Before anyone called it “respectability politics,” I knew how to code-switch. I knew not to act like those boisterous black boys in Primary Colors, at least in white company. It was another type of shame entirely, but the experience of code-switching can also be exhilarating and is perhaps, in every essential way, no different than jumping from Portuguese to Gaelic. I talked to Rolanda differently than I did my mother, to whom I spoke differently than my drug buddies from high school, to whom I spoke differently than I did my film professors in college. Cynicism and self-flagellation were easy in those years. It was the season of Bill Cosby’s “Pound Cake” speech at the Urban League gala celebrating the fiftieth anniversary of the Brown v. Board of Education decision, after all.
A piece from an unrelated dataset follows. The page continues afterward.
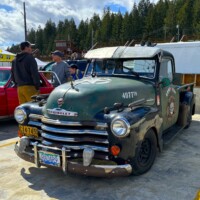 2024-04-21 CVCC - Swap Meet 22 2024-04-21 CVCC - Swap Meet 22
Fuck code-switching, Cosby was telling us, even if he didn’t know it. The way niggas behave is unacceptable. Good Negroes shouldn’t tolerate it. It was a logic popular at the middle-class black dinner tables where I often found myself when I went home to Ohio; Cosby called on his audience to recognize the depth of the civil rights movement’s failure to secure enduring prosperity for all but a sliver of the country’s black citizens, and to see it as the fault of those who remain impoverished.
I confess, I was somewhat in thrall to self-vilifying blacks like this at the time, afraid as we had been told to be of those who wouldn’t pull their pants up, who’d shoot you down on the street for nothing; a friend from film school and I would listen to .wav files of Cosby’s speech over and over, giggling at his hysterical paternalism, unaware of the promise of grim hypocrisy. As far as Cosby was concerned, along with much of the respec
table black establishment, Allen Iverson may as well have joined Al-Qaeda.
Cosby defended police officers shooting young Negro thieves from behind. “These people, the ones up here in the balcony, fought so hard. Looking at the incarcerated, these are not political criminals,” he’d said, just weeks before I moved to Bed-Stuy, unknowingly, for the first time. “These are people going around stealing Coca-Cola. People getting shot in the back of the head over a piece of pound cake! And then we all run out and are outraged. ‘The cops shouldn’t have shot him.’ What the hell was he doing with the pound cake in his hand?”
In Bring the Pain, his landmark comedy special from a decade earlier that landed just as crime crested across the nation in black neighborhoods, where women of some means like my mother invested in guns and alarm systems, Chris Rock suggested that the only people who hated niggas more than Caucasians did were Negroes. He’d forgotten that Bill Cosby hated niggas more than Negroes did. Unless they were female and unconscious.
As a child, my sense of what it meant to be part of a people I would have then referred to only as “black,” despite the frequent usage within my household of the earlier, more rarified and now shamed term, was informed by the underlying logic I detected within these simple explanations for the ever-enduring sense that black America was awry, unable to right itself after being privy to so much civic ransacking. You could find those sentiments in the books I was picking off the shelves late that summer, the air-conditioning in the corporate bookseller where I was trapped eight hours a day whirring overhead, sneaking time to read the hard stuff whenever I wasn’t helping someone find a James Patterson novel. Debra Dickerson’s The End of Blackness, which had come out the previous winter, was typical, in some ways, among this set of “what went wrong?” polemics; it sought to point out that while the United States was far from a racial utopia, it had become, long after the primary legislative goals of the civil rights movement had been met, a space where racism was no longer the effective driver of Negro misery or lack of opportunity. Negroes could not be prevented from “playing the game,” wrote Dickerson, and that game was American capitalism. “No one can stop the American, black or blind, who is determined to succeed.”